One of the few disappointments with Europa Universalis III was that its timeline ended too soon. It was awfully disappointing when the march of history in the turn-based strategy game's grand campaign suddenly ground to a halt with the onset of the French Revolution in 1789, given that this was the eve of Napoleon's emergence in Europe. Having to stop just before Robespierre started to chop off heads was a big letdown. But developer Paradox Interactive has made up for this omission with Napoleon's Ambition. There isn't much to this expansion beyond the newfound ability to lead everyone's favorite petit general to world domination, but the detailed depiction of one of the most chaotic eras in world history adds a lot of punch to the core game all by itself.

Battling rebels during the French Revolution. Apparently it's not always good to be the king.

Napoleon's Ambition is the original game with an extended timeline. Though the nation-building strategizing still begins right after the fall of the Byzantine Empire in May of 1453, the ending has been pushed from the eve of the French Revolution in 1789 to the final fall of Napoleon Bonaparte in 1821. The gameplay continues to deal with historical grand strategy in which you take complete control of a nation at some point between the late Middle Ages and the dawn of the modern world at the start of the 19th century, but you now have the bonus of tackling those crazy decades when the guillotine ruled Paris in the Reign of Terror and Napoleon followed up the massacres by trying to conquer the globe.

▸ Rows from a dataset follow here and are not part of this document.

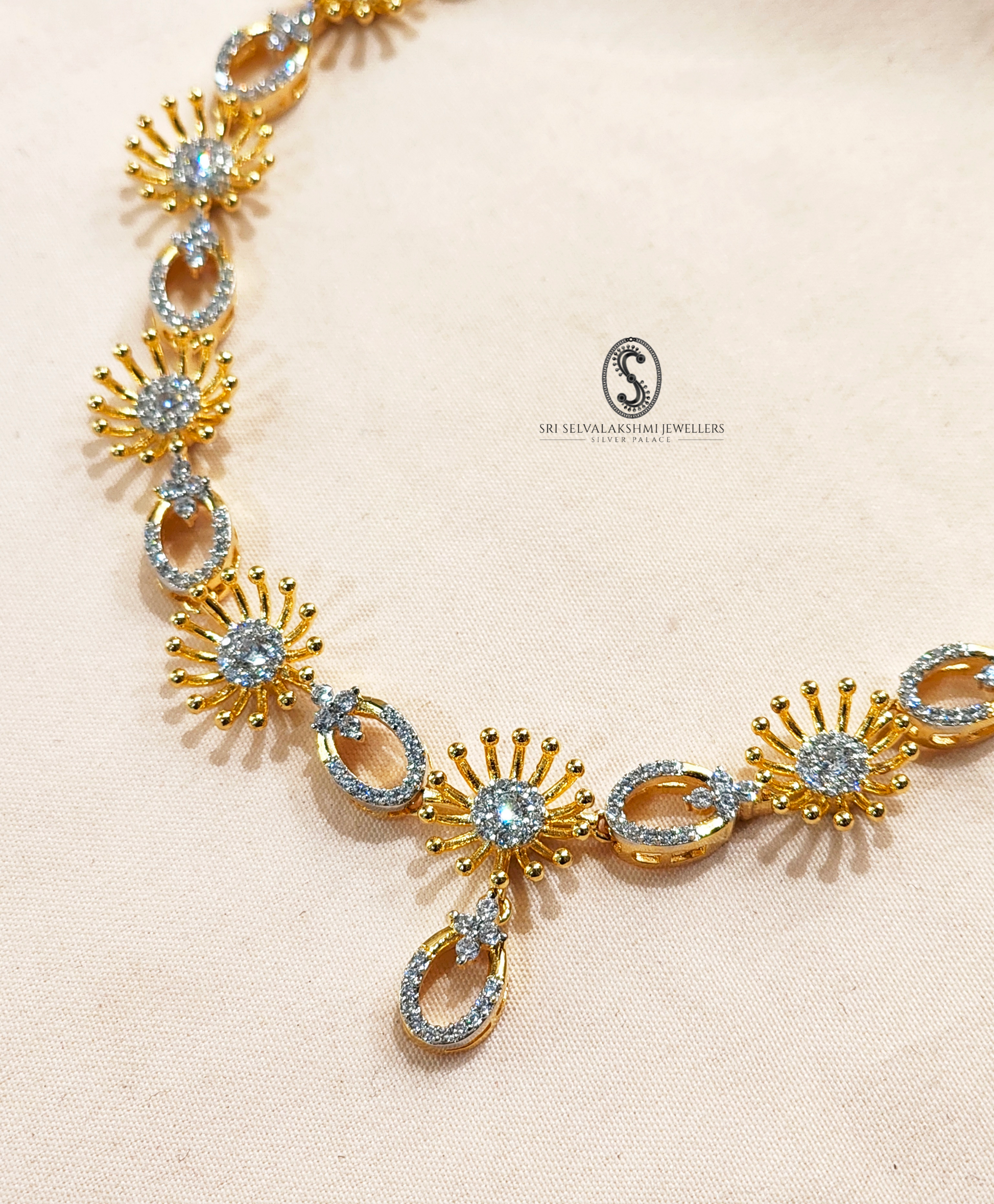 Gold coated silver necklace with diamond accents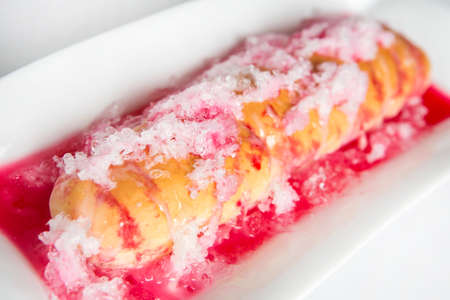 thai dessert called ' ka nom pang yen' bread top with red syrup and ice top with condensed milk served on white plateの写真素材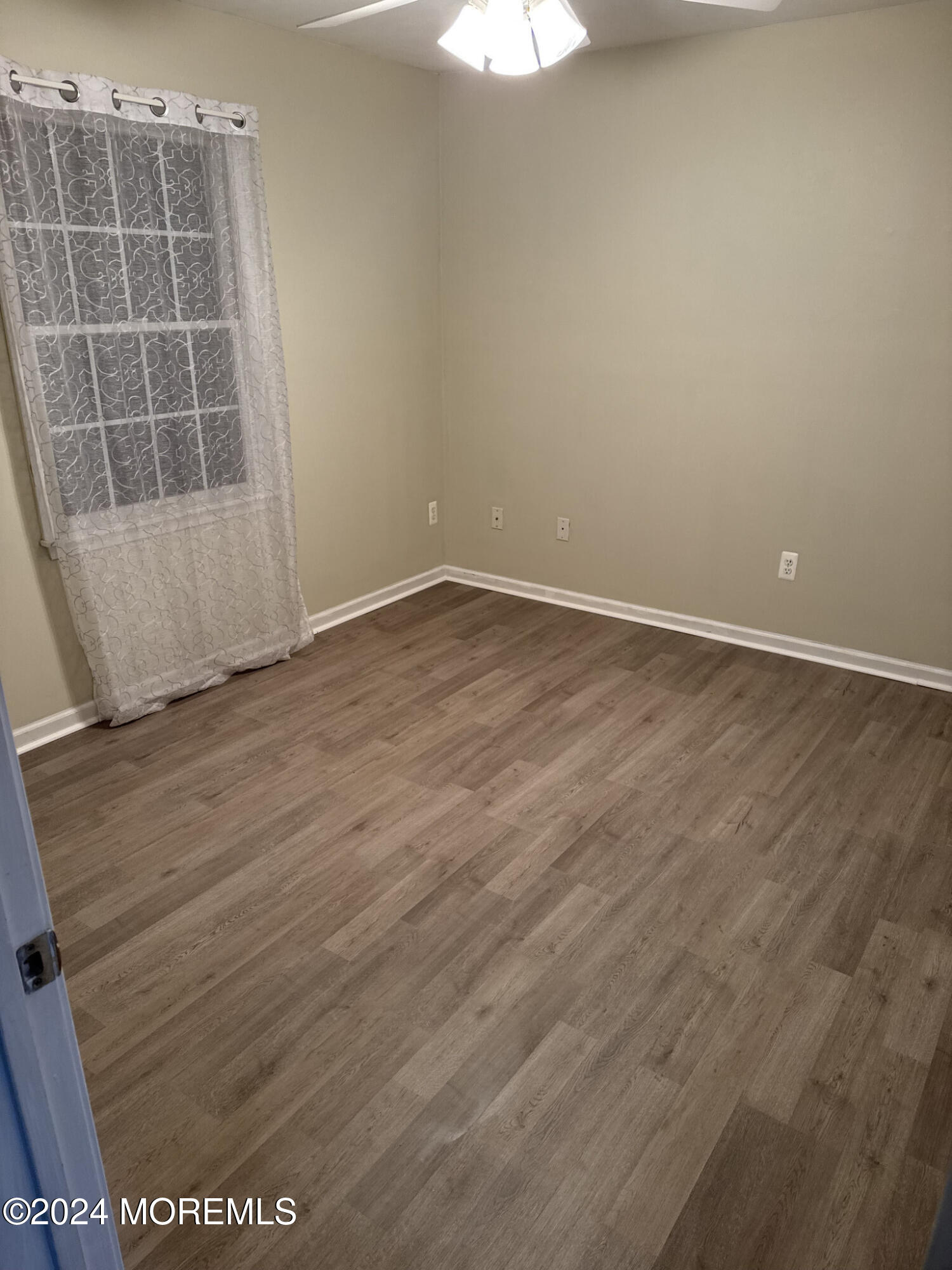 141 Marlin Road Manahawkin, NJ 08050 - Photo 29 of 33 an empty room with wooden floor and windows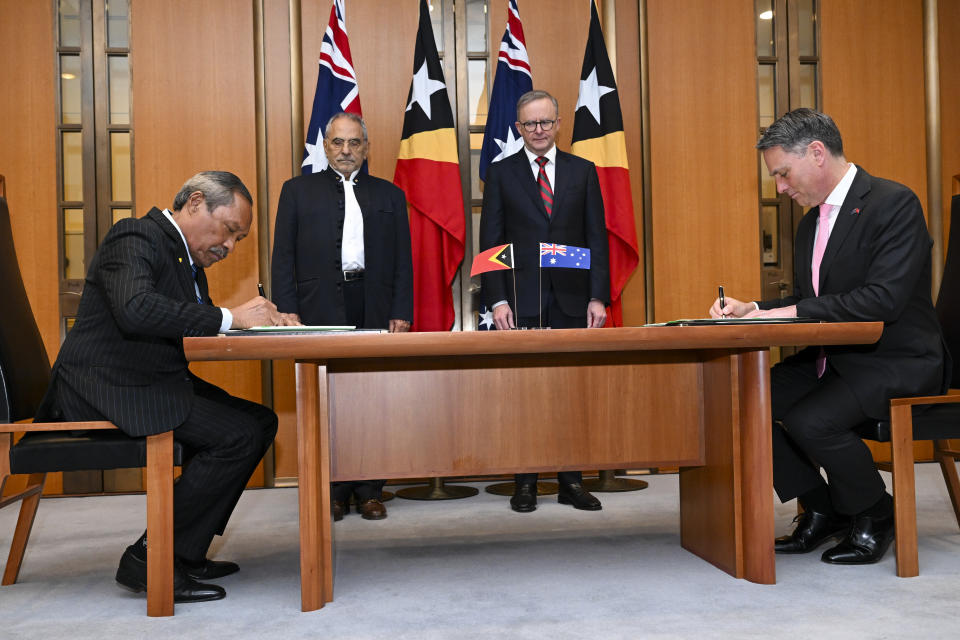 Australian Prime Minister Anthony Albanese, second right, and East Timor's President Jose Ramos-Horta, second left, attend a signing ceremony between East Timor's Defense Minister Filomeno Paixao de Jesus and Australian Defense Minister Richard Marles, right, at Parliament House in Canberra, Australia, Wednesday, Sept. 7, 2022. Ramos-Horta is on an official visit to Australia. (Lukas Coch/AAP Image via AP)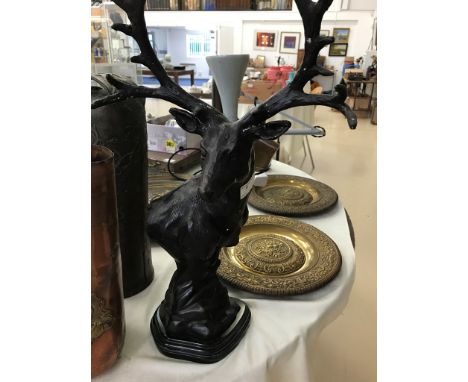A bronze stag's head on a marble base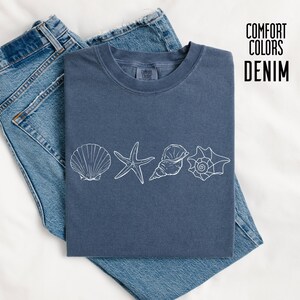 Può includere: Una maglietta blu denim con un design di conchiglie bianche, tra cui una conchiglia, una stella marina e due conchiglie. La maglietta è piegata sopra un paio di jeans blu. Il testo "COMFORT COLORS DENIM" è in nero.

This makes for some tense moments. France in this era is a superpower, which sets it apart from the mainly evenly matched powers in many of the period campaigns in the original game. There isn't a great deal of time for careful and considered statecraft here--dealing with foreign affairs, trade, and provincial infrastructure--because the new campaign kicks off with the slow slide into revolution in 1789. You're essentially pushed into the creation of a military state. If you follow the event triggers, then France can soon be cranking out armies under the command of Napoleon. You even get a "Vive La Revolution" effect that boosts military morale and manpower, making it hard to resist the temptation to go hog wild on the production of army units such as flying artillery batteries and Latin cuirassier cavalry. The manpower buff is a whopping 50%, too, which makes it rather easy to populate Provence and Pfalz with soldiers. You can load up the border provinces with so many troops so fast that you almost immediately trigger frightened warnings, from neighbors such as Austria and the papal state in Avignon, that you had better not declare war on anybody.

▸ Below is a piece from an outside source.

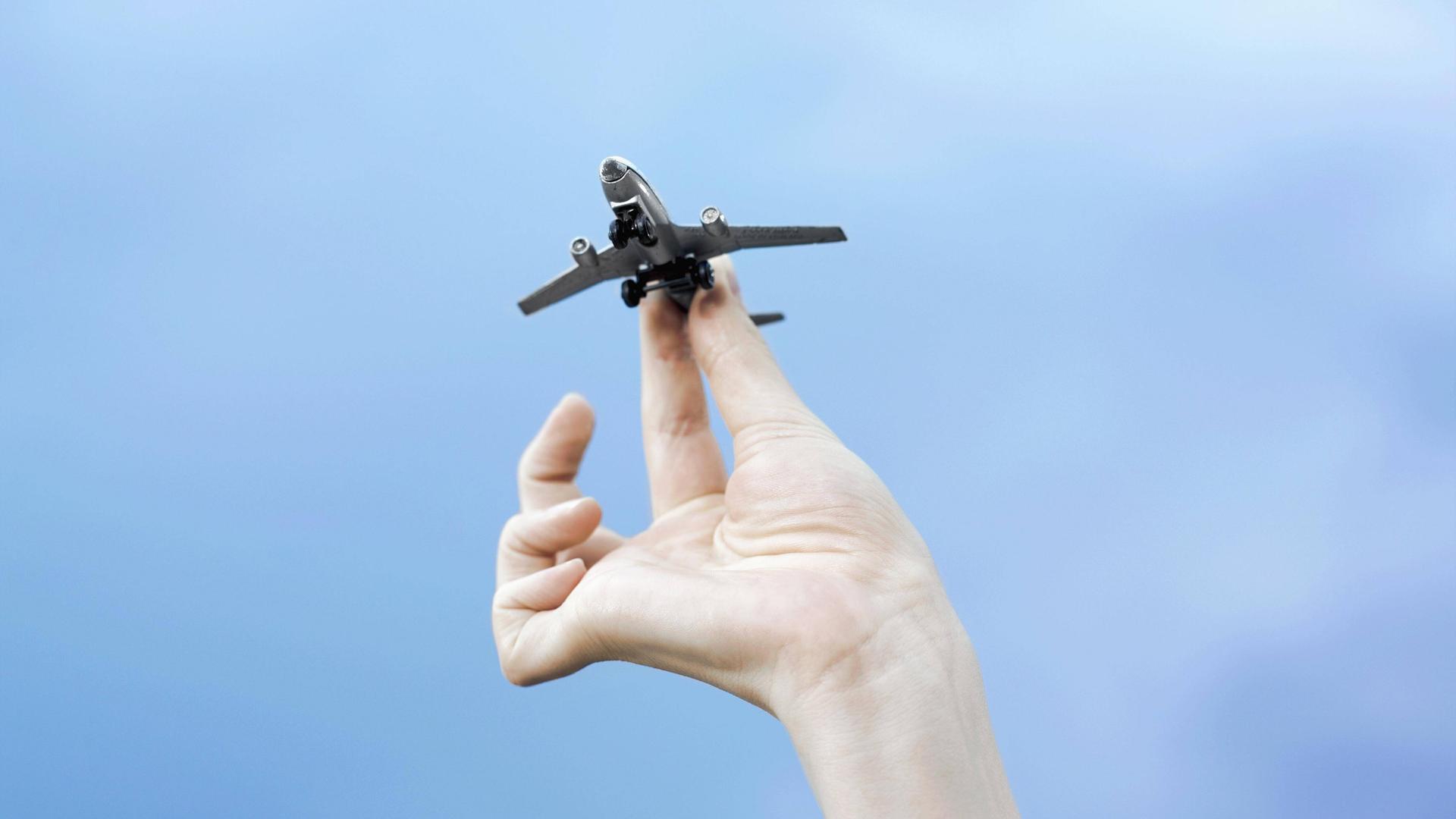 Eine Hand hält ein Modellflugzeug vor blauem Himmel. Eine Hand hält ein Modellflugzeug vor blauem Himmel.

But playing peacenik would ruin the fun. It's far more satisfying to instead mount a crazed attempt to put every province in Europe under the bootheel of France. Of course, you can try to keep the country stable through these turbulent revolutionary years, given that events let you encourage democracy (for instance, "founding fathers" appear and encourage the spread of independent ideals, which you can either ignore or stop with a quick execution). Nevertheless, you'll be swimming upstream against historical currents. It's easier to just go with the flow and turn France into a dictatorship, which naturally can easily morph into nonstop offensive warfare. However, it's not easy to get on a roll in the beginning, if you start in 1789, because the Austrians attack pretty quickly across much of the eastern frontier as soon as you declare war on, well, darn near anybody. You have to begin with sensible, peaceful statecraft to build the troop strength needed to keep all of France's provinces bleu when the war begins. This is actually much appreciated because having to start this way balances politics and fighting so that the campaign isn't entirely a one-note affair. Of course, you can skip out on all things political by advancing the clock forward. Move ahead to, say, 1805 when Napoleon was on the verge of invading England, or 1812 just before the Grand Armee invaded Russia, and you can (almost) forget about doing more than shuffling troops between provinces.

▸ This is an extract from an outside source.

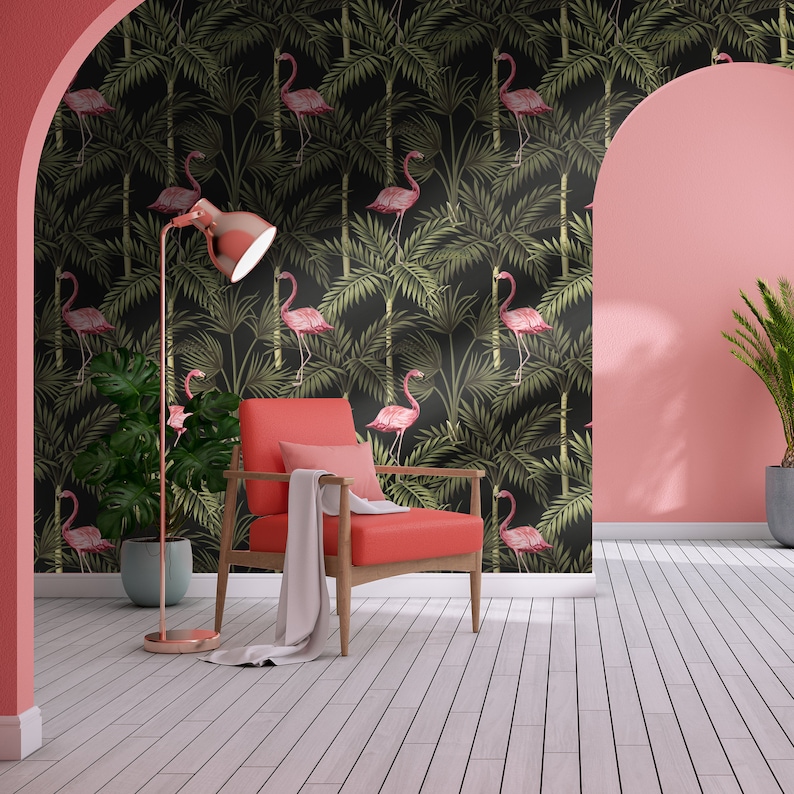 May include: A black and green wallpaper with a repeating pattern of pink flamingos and palm trees. The wallpaper is in a room with a pink wall and a red chair.
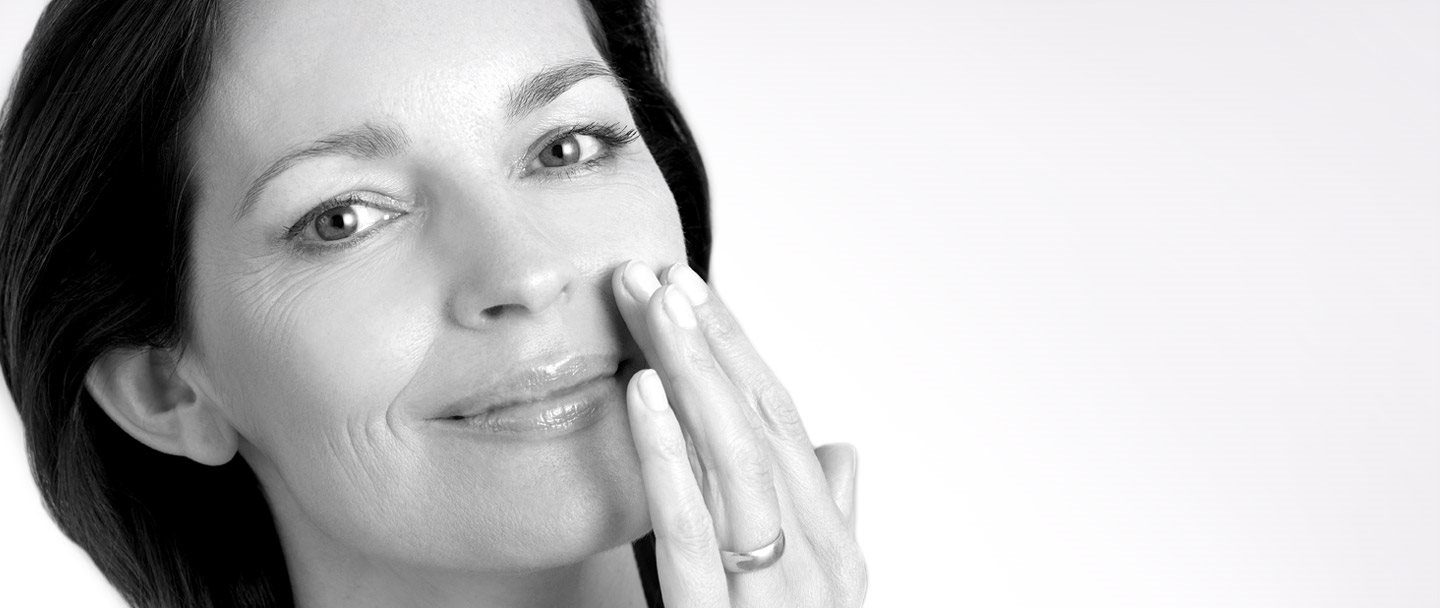 Middle-aged woman touching left cheek with hand.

Napoleon's Ambition also fits in extremely well with its follow-up add-on, In Nomine. That expansion's decisions and mission features add a great deal of texture to campaigns that guide France, keeping you grounded in domestic concerns even while plotting to raze London. Being reminded about home-front issues such as the importance of adding a refinery to Blois is a nice counterpoint to worrying about British dominance of the seas. In Nomine's new rebel factions also work extremely well with the chaos of revolutionary and Napoleonic France. Once the wars begin, you have to keep careful watch over core and conquered provinces because they can continually erupt in revolts led by Norman Nationalists, Breton Nationalists, Dutch Patriots, and so forth.

When the Vive La Revolution effect kicks in, it's time to start building those armies.

About the only thing that this expansion doesn't do particularly well is add to the feature list of the original game. Nearly everything here is "all Napoleon, all the time," which leaves little room for new national ideas, new historical figures, or tweaked rules. It's tough to get excited about being able to move your capital, or being able to target markets directly with merchants, considering that these changes probably could have and should have been addressed in a patch. The absence of groundbreaking new features isn't a huge loss, seeing as how the core game plays great and the French setting is so outstanding. But this add-on feels less like an extension of the original game than what we probably should have gotten in the Europa Universalis III box. It seems like this era was chopped out of the original game solely to be added back in later as the first expansion pack. That isn't the worst of sins, given the great amount of content in the original game, but it still makes for an expansion without a lot of surprises.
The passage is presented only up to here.